Rost: Ich glaube nicht, dass es im Winter viel Neues bei uns geben wird. Wie ich schon vorher gesagt habe, wird es in erster Linie darauf ankommen, konstanter zu spielen und uns als Team richtig zu finden.

bundesliga.de: Was schätzen Sie an Ihrem neuen Trainer Martin Jol?

Rost: Ich schätze ihn sehr. Er ist konsequent und ein echter Typ - davon gibt es leider immer weniger. Er fordert uns Spieler auf, Verantwortung zu übernehmen. Das gefällt mir.

bundesliga.de: Themawechsel. Sie haben eine CD mit dem Titel "Die Liga liest" veröffentlicht. Dort lesen Sie und viele Fußball-Prominente Geschichten über den Fußball vor. Wie kamen Sie auf diese Idee und was geschieht mit den Einnahmen, die durch den Verkauf der CD entstehen?

Rost: Mir liegt der Bildungsbereich sehr am Herzen. Seit einigen Jahren bin ich Botschafter der Alphabetisierung. Ich bin überzeugt davon, dass der Zugang zu Bildung der Schlüssel für ein besseres Leben ist. Die CD habe ich gemacht, weil ich mehr tun wollte als nur Geld oder Trikots von mir zu spenden. Und ich wollte auch nicht nur mein Gesicht für eine große Kampagne hinhalten. Die CD bietet uns Spielern die Möglichkeit, Vorbild zu sein und mit gutem Beispiel voranzugehen. Und das war nicht leicht!
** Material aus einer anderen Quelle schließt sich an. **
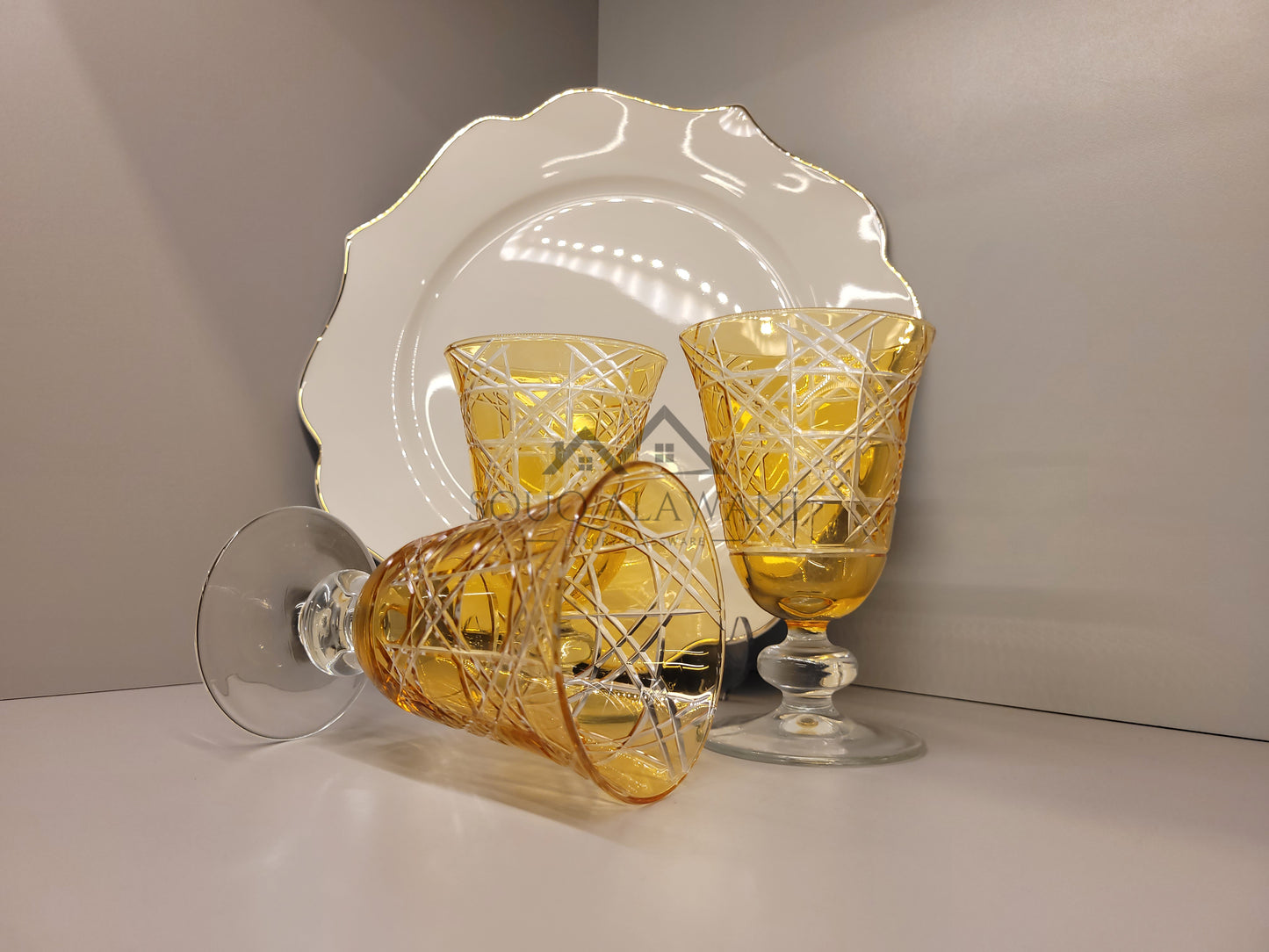 طقم كاسات عصير 6 قطع - SOUQ ALAWANI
bundesliga.de: Wie konnten Sie Leute wie Marco Bode, Olaf Thon oder auch Otto Rehhagel zum Mitmachen bewegen?

Rost: Ich habe Sie gefragt! Nein, im Ernst: Von der Idee waren die Mitleser sofort begeistert. Das sind alles tolle Menschen, die in der Lage sind, über den Tellerrand hinauszuschauen. Zudem war es mal etwas völlig anderes, noch nie da gewesenes. Sehr gefreut hat mich übrigens auch, dass die DFL Deutsche Fußball Liga GmbH das Projekt offiziell unterstützt.

bundesliga.de: Wenn Ihre Karriere ein Buch wäre, wie würde dieses heißen?

Rost: Schwere Frage, zumal meine Karriere noch nicht beendet ist. Wer weiß, was noch kommt. Aber sicher bin ich mir in dem einem Punkt: Es wäre eine leidenschaftliche Geschichte mit vielen Emotionen, Enttäuschungen, Liebe, Glück und auch viel Humor.